Discovered by Bob Dylan while playing clubs and folk festivals around Canada in the early 70s he was catapulted to stardom by a 1973 profile in Rolling Stone. He specialized in reviving the music of the ragtime and Tin Pan Alley era, playing everything from jazz and vaudeville numbers to country blues. He brought his distinctive sound to Saturday Night Live, The Johnny Carson Show, and Prairie Home Companion, introducing many to the joys of vintage music.
He maintained a trademark secretive persona that included a Panama hat and dark sunglasses. This led some to speculate he was really the character of another performer, Frank Zappa or perhaps Andy Kaufman, but he was, in fact, his own man.
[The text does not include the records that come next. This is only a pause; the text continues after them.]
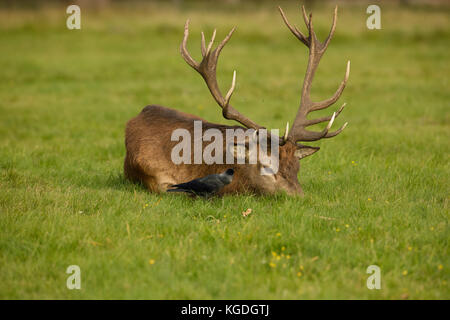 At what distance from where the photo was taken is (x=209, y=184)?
6031mm

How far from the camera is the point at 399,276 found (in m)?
4.54

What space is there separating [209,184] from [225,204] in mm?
281

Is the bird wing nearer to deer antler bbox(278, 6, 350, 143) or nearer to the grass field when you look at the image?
the grass field

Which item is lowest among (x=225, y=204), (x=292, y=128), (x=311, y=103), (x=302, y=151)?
(x=225, y=204)

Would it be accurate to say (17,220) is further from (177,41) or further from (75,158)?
(177,41)

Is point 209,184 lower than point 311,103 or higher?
lower

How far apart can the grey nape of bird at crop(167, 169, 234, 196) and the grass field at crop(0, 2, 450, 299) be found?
0.54 feet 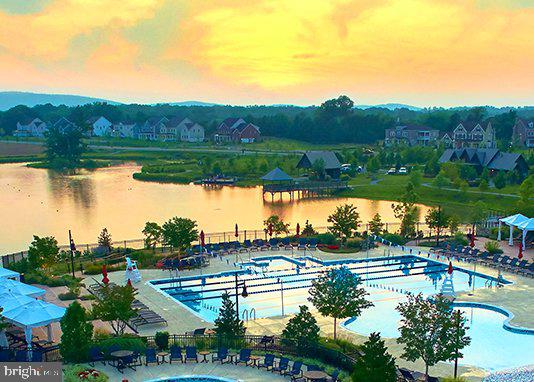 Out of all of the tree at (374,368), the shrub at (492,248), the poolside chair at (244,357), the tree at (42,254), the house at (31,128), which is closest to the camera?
the tree at (374,368)

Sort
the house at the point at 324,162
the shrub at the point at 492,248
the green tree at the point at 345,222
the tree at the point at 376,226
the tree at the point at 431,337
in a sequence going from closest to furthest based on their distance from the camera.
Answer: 1. the tree at the point at 431,337
2. the shrub at the point at 492,248
3. the green tree at the point at 345,222
4. the tree at the point at 376,226
5. the house at the point at 324,162

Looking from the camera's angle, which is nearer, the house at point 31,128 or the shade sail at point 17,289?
the shade sail at point 17,289

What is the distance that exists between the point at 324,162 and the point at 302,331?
53.4 metres

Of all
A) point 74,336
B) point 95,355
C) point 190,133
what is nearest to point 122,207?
point 74,336

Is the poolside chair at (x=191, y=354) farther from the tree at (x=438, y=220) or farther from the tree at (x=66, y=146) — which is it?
the tree at (x=66, y=146)

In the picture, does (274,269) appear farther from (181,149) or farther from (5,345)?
(181,149)

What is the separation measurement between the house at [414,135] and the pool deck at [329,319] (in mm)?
86642

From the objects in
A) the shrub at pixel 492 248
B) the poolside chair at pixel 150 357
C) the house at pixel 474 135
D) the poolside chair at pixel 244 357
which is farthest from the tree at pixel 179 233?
the house at pixel 474 135

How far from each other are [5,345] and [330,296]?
11.1 metres

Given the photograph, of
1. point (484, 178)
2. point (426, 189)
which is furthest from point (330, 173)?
point (484, 178)

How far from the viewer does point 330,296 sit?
775 inches

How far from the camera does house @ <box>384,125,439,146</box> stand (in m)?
115

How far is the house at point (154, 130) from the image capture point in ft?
436

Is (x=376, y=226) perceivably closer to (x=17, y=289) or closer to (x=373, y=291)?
(x=373, y=291) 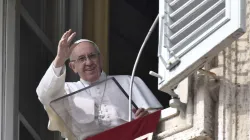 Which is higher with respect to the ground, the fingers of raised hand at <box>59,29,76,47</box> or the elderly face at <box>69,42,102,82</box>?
the fingers of raised hand at <box>59,29,76,47</box>

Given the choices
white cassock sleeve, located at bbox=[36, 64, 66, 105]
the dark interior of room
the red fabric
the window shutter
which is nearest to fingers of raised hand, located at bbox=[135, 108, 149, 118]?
the red fabric

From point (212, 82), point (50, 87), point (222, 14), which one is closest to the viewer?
point (222, 14)

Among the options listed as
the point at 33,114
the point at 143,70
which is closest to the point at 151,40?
the point at 143,70

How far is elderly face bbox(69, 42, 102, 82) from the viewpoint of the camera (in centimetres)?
Result: 650

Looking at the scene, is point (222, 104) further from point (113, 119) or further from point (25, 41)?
point (25, 41)

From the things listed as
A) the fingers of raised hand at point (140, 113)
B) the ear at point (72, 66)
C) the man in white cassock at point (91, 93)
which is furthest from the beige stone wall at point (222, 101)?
the ear at point (72, 66)

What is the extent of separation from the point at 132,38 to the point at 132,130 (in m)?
1.41

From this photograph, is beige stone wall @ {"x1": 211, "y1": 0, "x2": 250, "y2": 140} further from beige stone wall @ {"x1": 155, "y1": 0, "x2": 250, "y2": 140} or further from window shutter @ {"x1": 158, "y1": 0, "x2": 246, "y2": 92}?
window shutter @ {"x1": 158, "y1": 0, "x2": 246, "y2": 92}

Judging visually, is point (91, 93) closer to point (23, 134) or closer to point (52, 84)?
point (52, 84)

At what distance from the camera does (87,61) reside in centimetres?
649

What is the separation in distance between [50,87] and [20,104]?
822 millimetres

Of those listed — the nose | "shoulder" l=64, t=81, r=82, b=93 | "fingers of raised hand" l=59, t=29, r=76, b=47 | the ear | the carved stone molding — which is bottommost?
the carved stone molding

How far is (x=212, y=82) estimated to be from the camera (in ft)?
19.0

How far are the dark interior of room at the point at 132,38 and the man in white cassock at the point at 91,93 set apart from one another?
635 millimetres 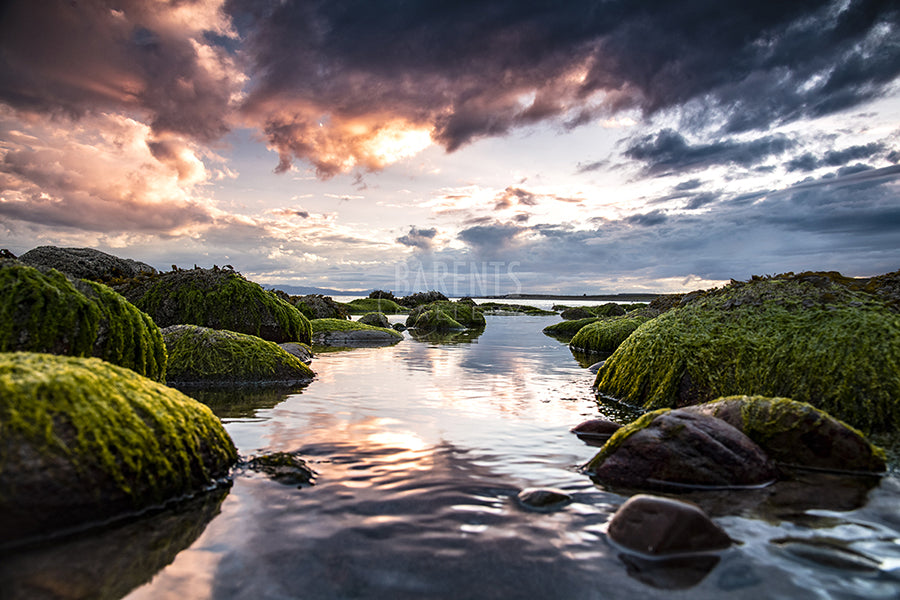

Dan Levinson toured with him for 12 years and he worked frequently with Vince Giordano and many other musicians in the universe of early jazz and ragtime. He released 16 albums and appeared on children’s television and in several TV commercials. His 1987 “Christmas Island” album is a perennial favorite of spirited jazz fans. He also appeared as Leon the Snowman in 2003’s Elf.
He retired from performing in 2015. Please Don’t Talk About Me When I’m Gone, a documentary about his life, premiered in 2018.